The material below holds a span beginning at the line with "Afghan vs Immigrants" and ending at the line with "3-nitro-8-ethyoxyl-2H-chromene compound and". Quote that span exactly, both ends included, and only that span.

# Recorded information
---

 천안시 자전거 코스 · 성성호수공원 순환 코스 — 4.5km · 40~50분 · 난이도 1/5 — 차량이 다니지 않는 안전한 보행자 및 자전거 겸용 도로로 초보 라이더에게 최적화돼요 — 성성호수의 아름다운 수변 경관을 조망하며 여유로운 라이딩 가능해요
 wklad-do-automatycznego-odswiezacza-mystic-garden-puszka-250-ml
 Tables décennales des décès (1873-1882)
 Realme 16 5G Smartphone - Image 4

---

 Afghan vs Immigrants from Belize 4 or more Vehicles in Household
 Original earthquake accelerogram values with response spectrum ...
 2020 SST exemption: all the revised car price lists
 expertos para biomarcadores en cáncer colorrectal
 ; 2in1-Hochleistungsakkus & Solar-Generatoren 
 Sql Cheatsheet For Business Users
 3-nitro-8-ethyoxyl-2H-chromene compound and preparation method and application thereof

---

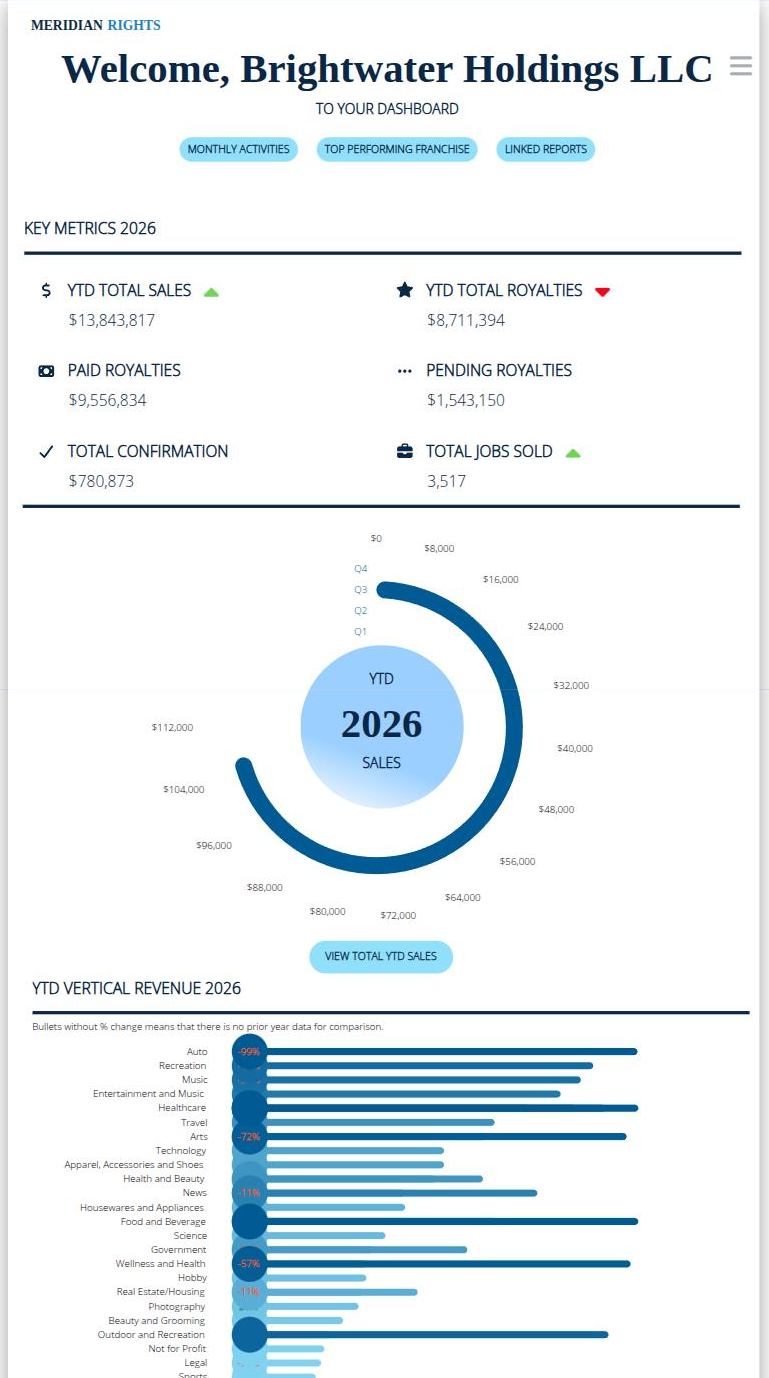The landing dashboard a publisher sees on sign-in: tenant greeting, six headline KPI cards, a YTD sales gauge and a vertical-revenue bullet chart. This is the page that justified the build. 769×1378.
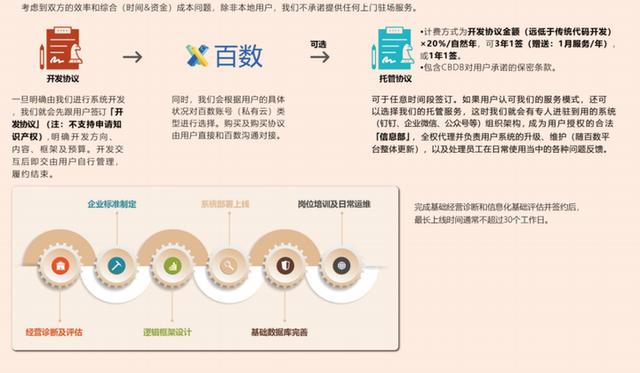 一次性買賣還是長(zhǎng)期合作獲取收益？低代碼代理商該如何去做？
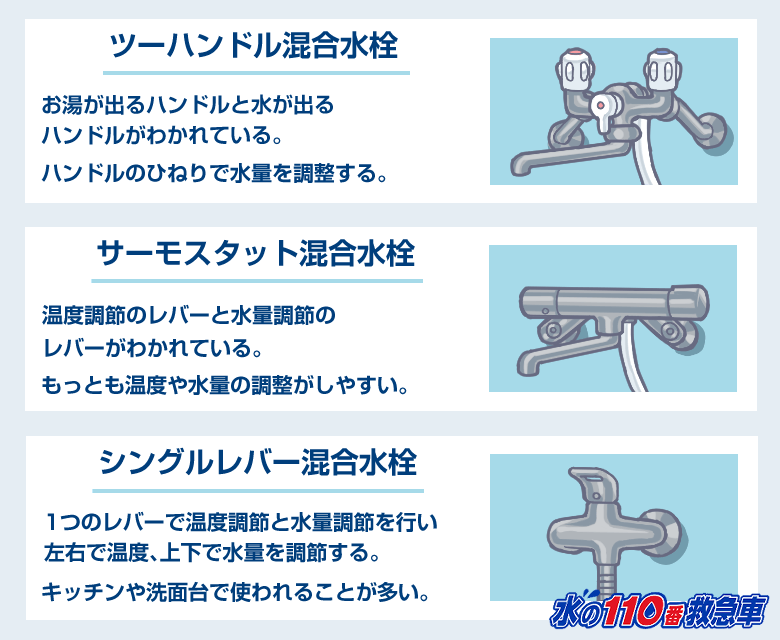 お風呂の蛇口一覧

---

# Result below
 Afghan vs Immigrants from Belize 4 or more Vehicles in Household
 Original earthquake accelerogram values with response spectrum ...
 2020 SST exemption: all the revised car price lists
 expertos para biomarcadores en cáncer colorrectal
 ; 2in1-Hochleistungsakkus & Solar-Generatoren 
 Sql Cheatsheet For Business Users
 3-nitro-8-ethyoxyl-2H-chromene compound and preparation method and application thereof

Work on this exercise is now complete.